Your output should be the records below, word for word and picture-free.

> Material for the task:
..............................

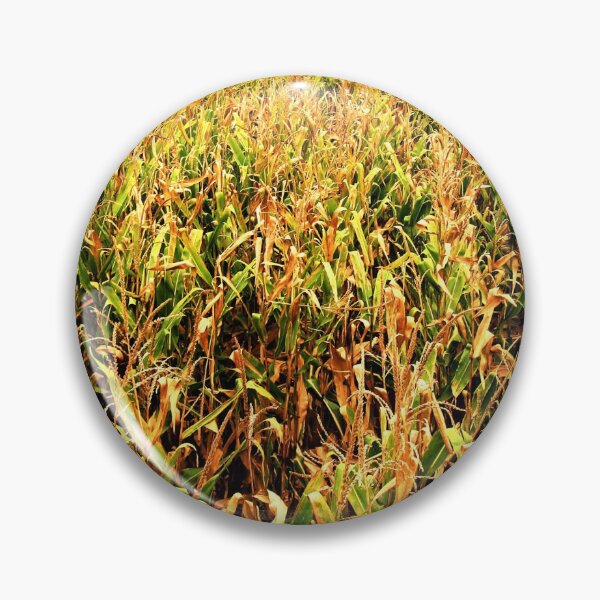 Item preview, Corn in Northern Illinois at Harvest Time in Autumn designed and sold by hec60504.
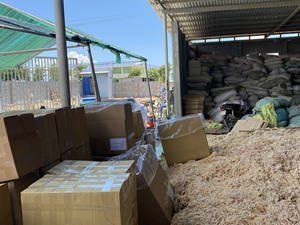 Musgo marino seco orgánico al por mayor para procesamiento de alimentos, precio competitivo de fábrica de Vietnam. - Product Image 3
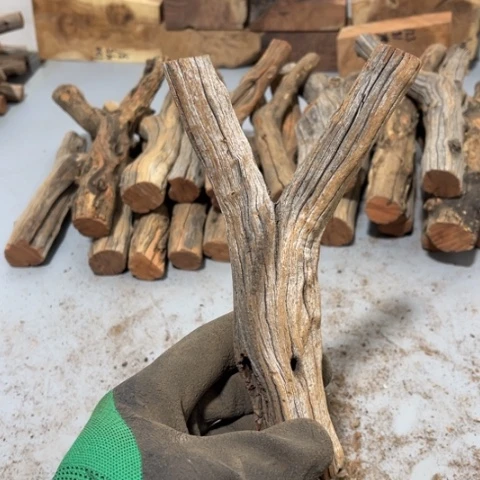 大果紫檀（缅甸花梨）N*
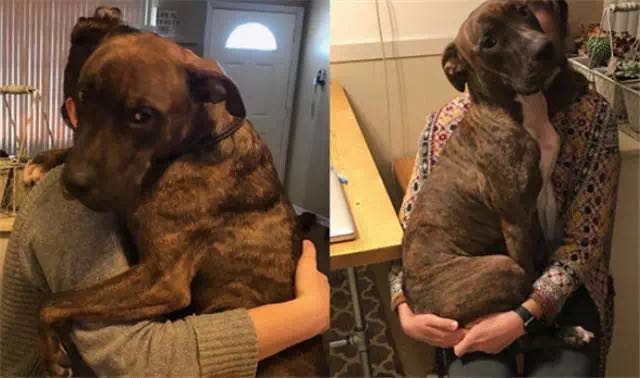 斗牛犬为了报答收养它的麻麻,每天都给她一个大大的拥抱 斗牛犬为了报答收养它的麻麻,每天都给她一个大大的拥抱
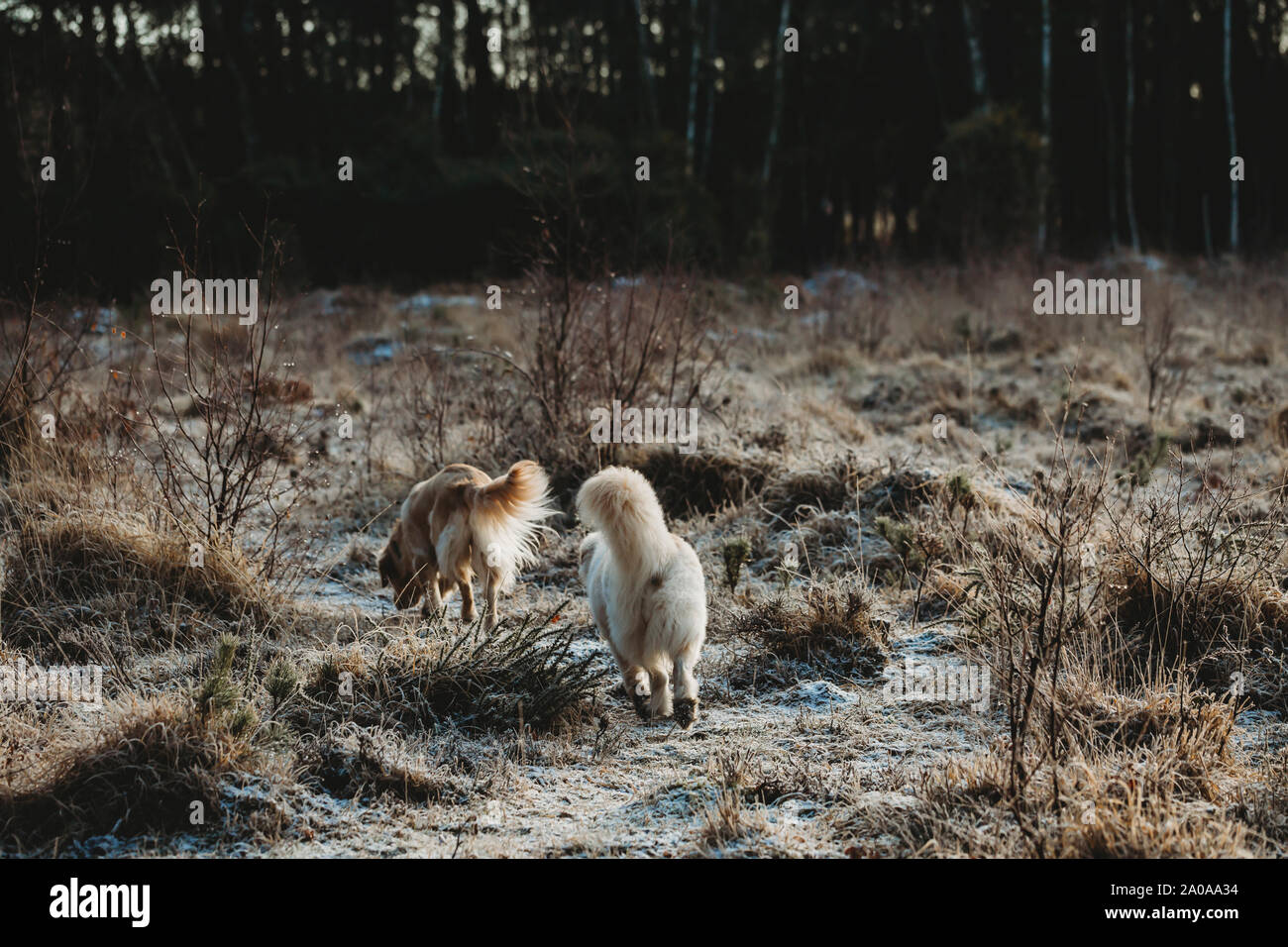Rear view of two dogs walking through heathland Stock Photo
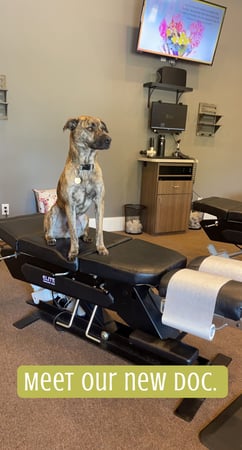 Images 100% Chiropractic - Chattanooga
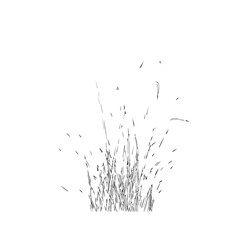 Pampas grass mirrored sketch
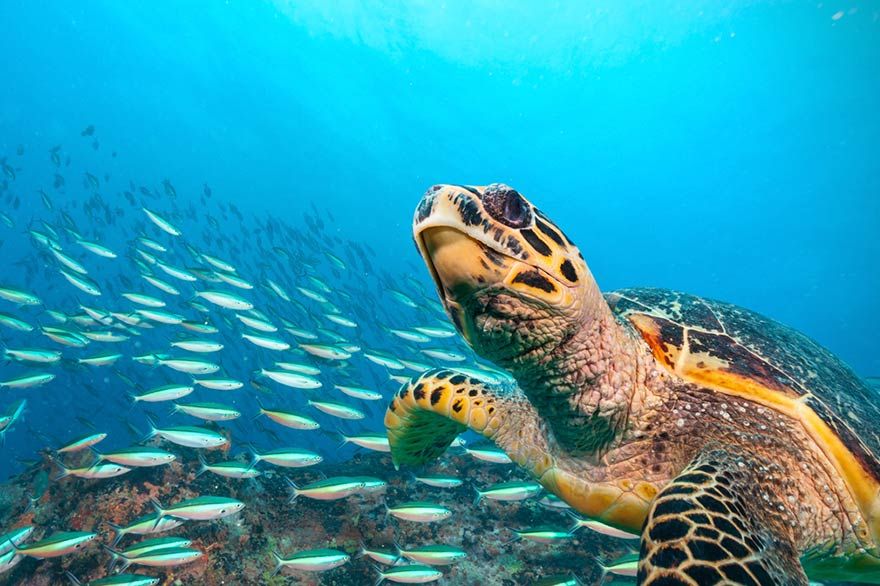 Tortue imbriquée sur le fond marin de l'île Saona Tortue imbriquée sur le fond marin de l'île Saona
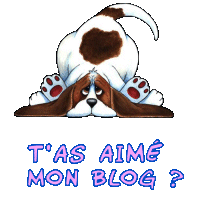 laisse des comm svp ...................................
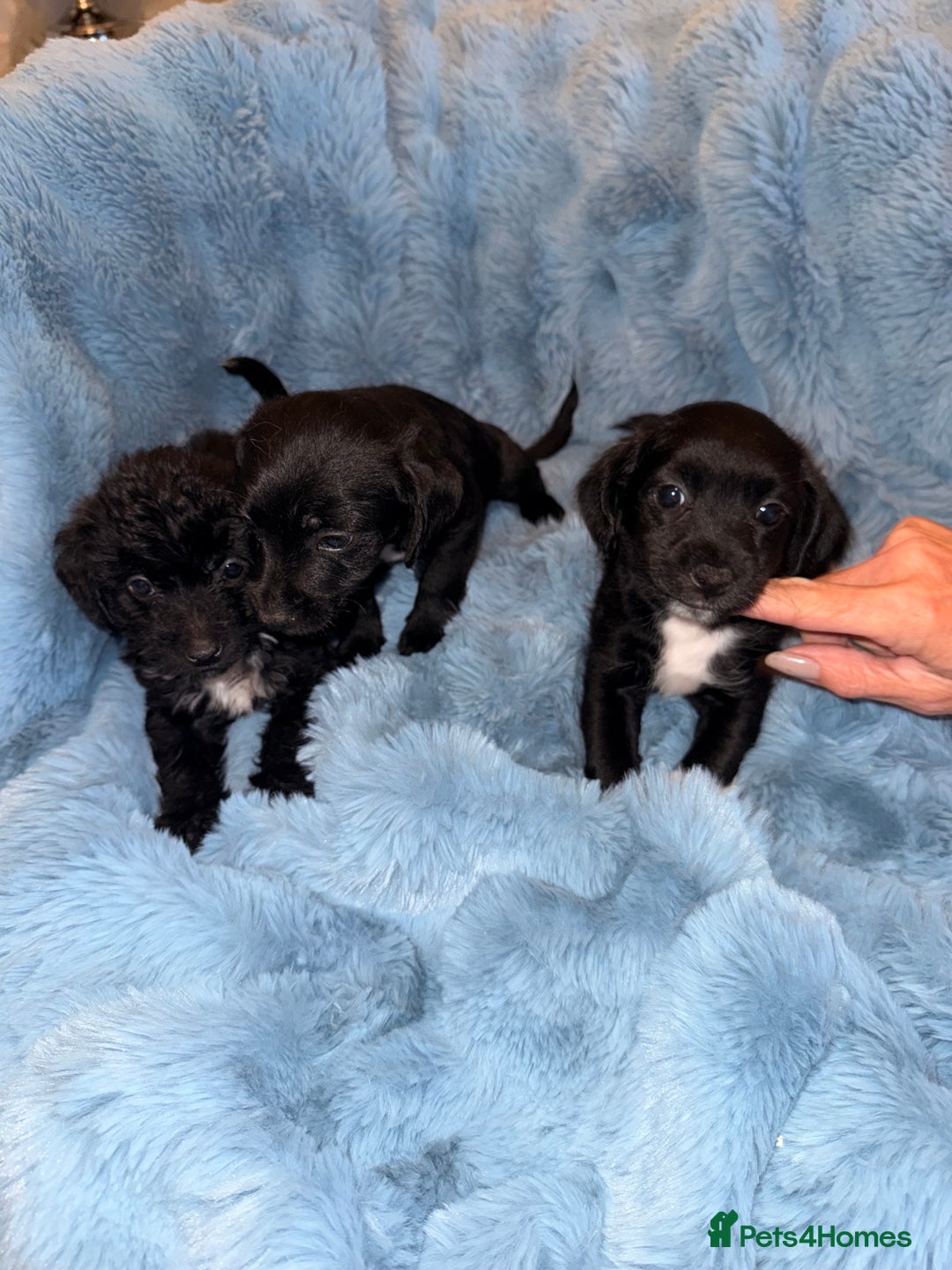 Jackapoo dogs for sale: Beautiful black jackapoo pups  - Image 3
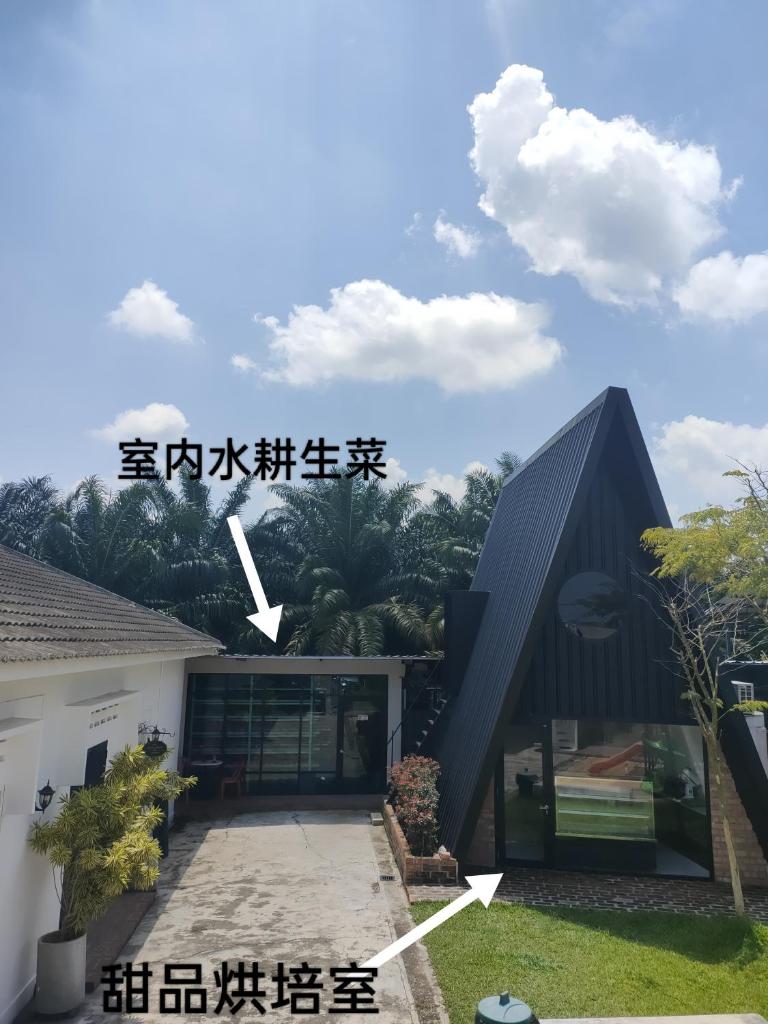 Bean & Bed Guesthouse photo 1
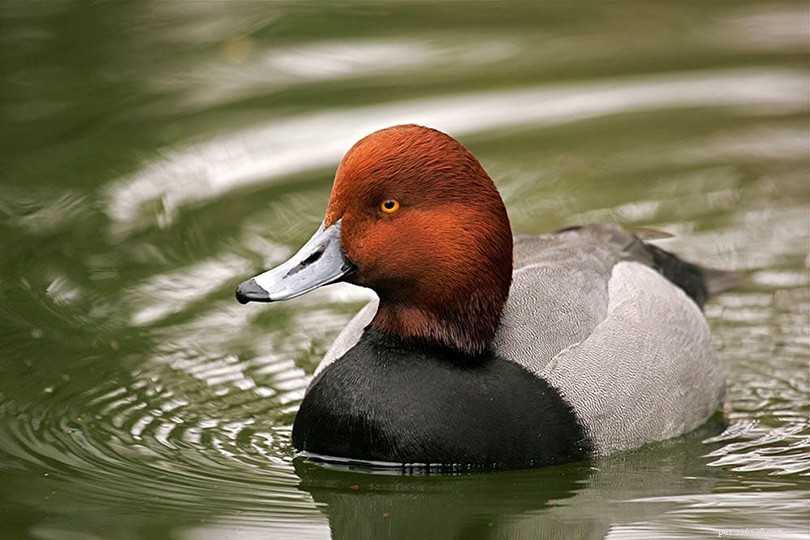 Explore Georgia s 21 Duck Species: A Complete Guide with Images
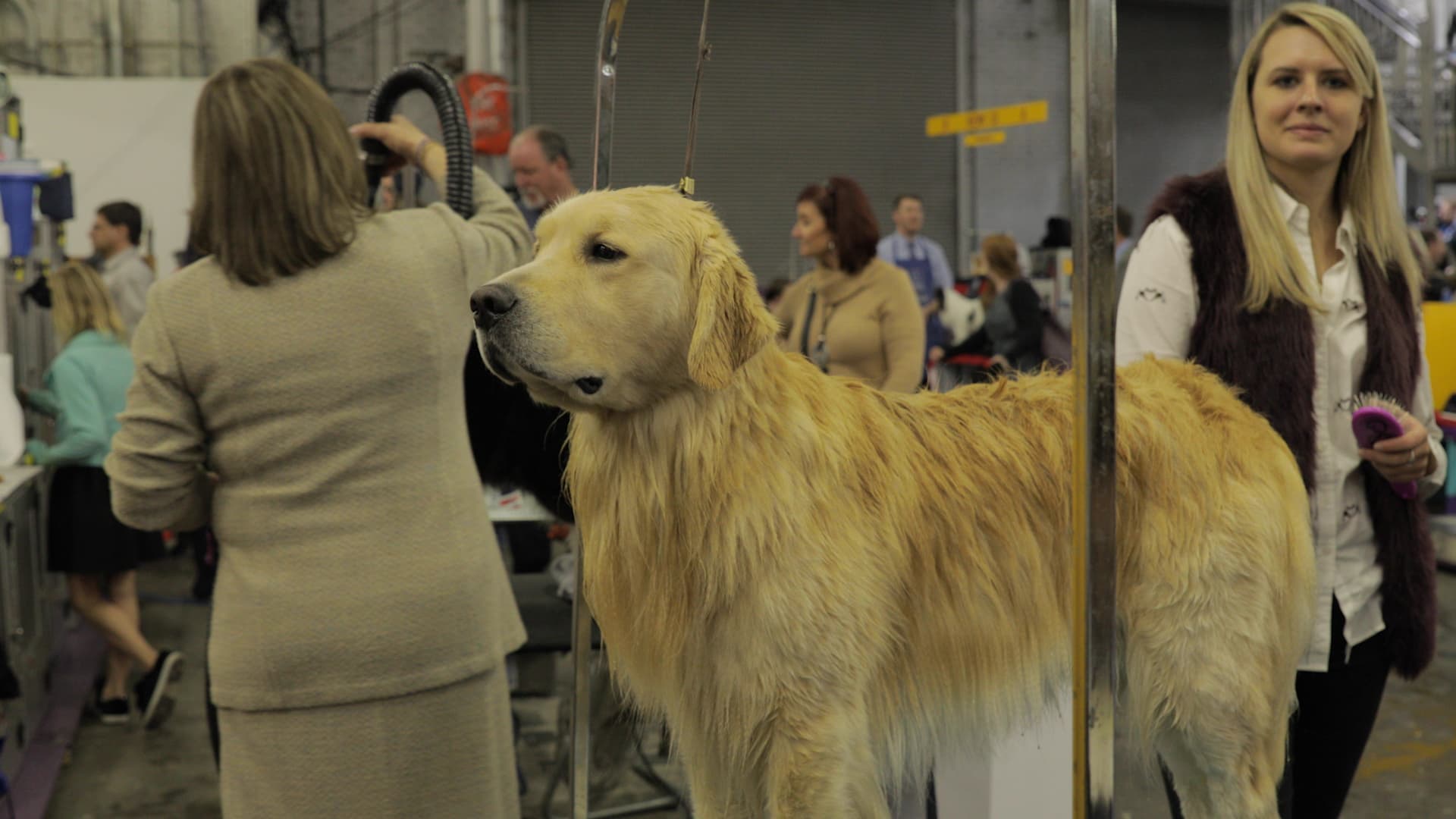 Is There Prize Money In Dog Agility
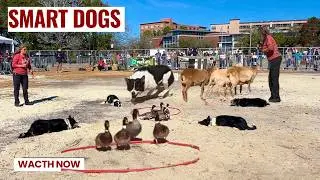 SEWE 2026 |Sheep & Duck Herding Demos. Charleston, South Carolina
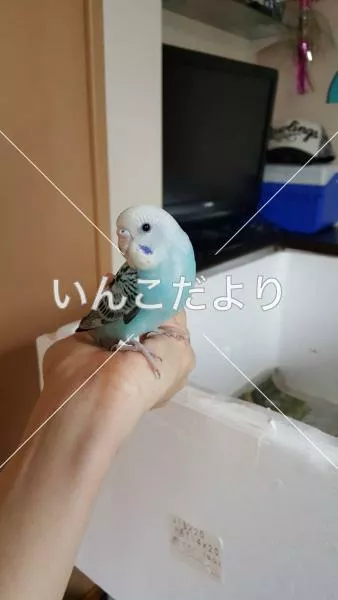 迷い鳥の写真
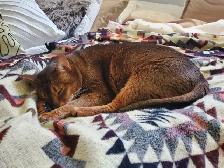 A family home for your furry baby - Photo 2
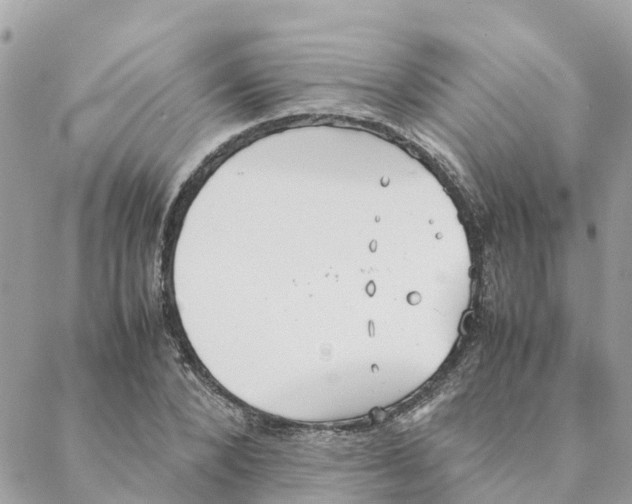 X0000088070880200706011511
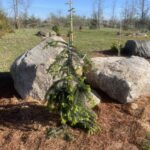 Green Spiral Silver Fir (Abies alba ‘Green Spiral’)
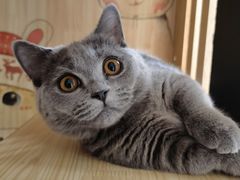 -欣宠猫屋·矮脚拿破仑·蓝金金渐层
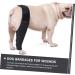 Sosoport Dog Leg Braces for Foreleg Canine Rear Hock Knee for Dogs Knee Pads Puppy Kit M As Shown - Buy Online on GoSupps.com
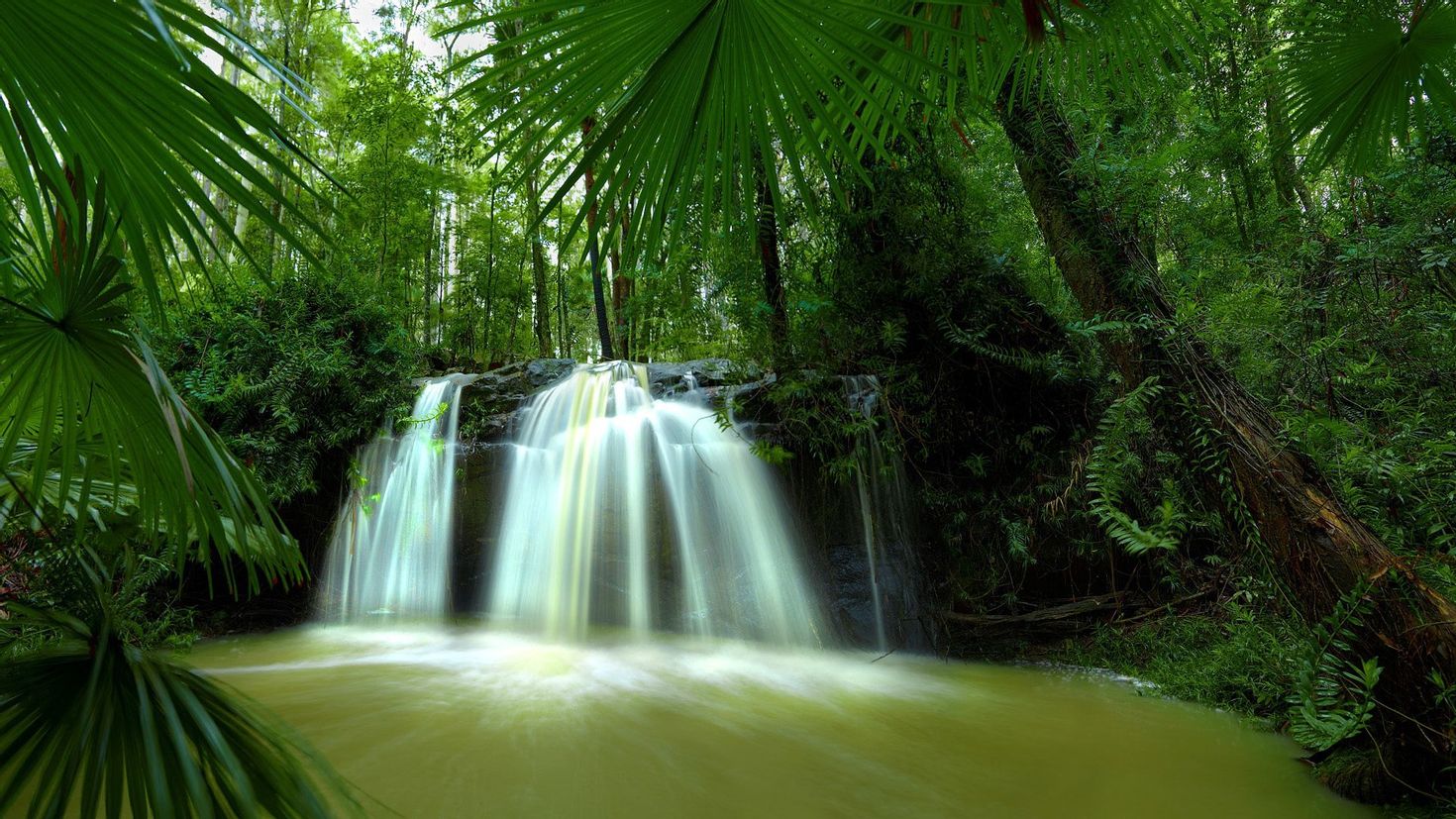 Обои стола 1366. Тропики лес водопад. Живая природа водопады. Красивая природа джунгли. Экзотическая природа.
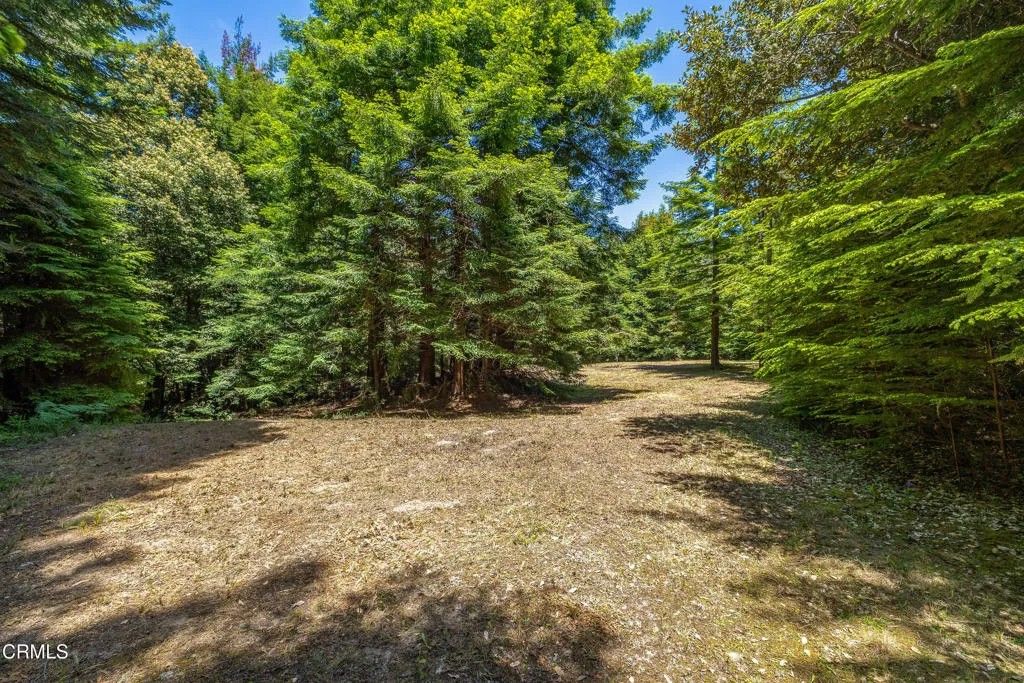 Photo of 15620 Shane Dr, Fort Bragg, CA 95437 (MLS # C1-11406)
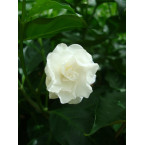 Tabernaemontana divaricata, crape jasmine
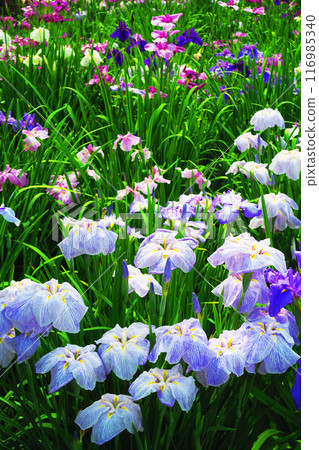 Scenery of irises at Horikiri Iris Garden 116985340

..............................

> Task result:
 Item preview, Corn in Northern Illinois at Harvest Time in Autumn designed and sold by hec60504.
 Musgo marino seco orgánico al por mayor para procesamiento de alimentos, precio competitivo de fábrica de Vietnam. - Product Image 3
 大果紫檀（缅甸花梨）N*
 斗牛犬为了报答收养它的麻麻,每天都给她一个大大的拥抱 斗牛犬为了报答收养它的麻麻,每天都给她一个大大的拥抱
Rear view of two dogs walking through heathland Stock Photo
 Images 100% Chiropractic - Chattanooga
 Pampas grass mirrored sketch
 Tortue imbriquée sur le fond marin de l'île Saona Tortue imbriquée sur le fond marin de l'île Saona
 laisse des comm svp ...................................
 Jackapoo dogs for sale: Beautiful black jackapoo pups  - Image 3
 Bean & Bed Guesthouse photo 1
 Explore Georgia s 21 Duck Species: A Complete Guide with Images
 Is There Prize Money In Dog Agility
 SEWE 2026 |Sheep & Duck Herding Demos. Charleston, South Carolina
 迷い鳥の写真
 A family home for your furry baby - Photo 2
 X0000088070880200706011511
 Green Spiral Silver Fir (Abies alba ‘Green Spiral’)
 -欣宠猫屋·矮脚拿破仑·蓝金金渐层
 Sosoport Dog Leg Braces for Foreleg Canine Rear Hock Knee for Dogs Knee Pads Puppy Kit M As Shown - Buy Online on GoSupps.com
 Обои стола 1366. Тропики лес водопад. Живая природа водопады. Красивая природа джунгли. Экзотическая природа.
 Photo of 15620 Shane Dr, Fort Bragg, CA 95437 (MLS # C1-11406)
 Tabernaemontana divaricata, crape jasmine
 Scenery of irises at Horikiri Iris Garden 116985340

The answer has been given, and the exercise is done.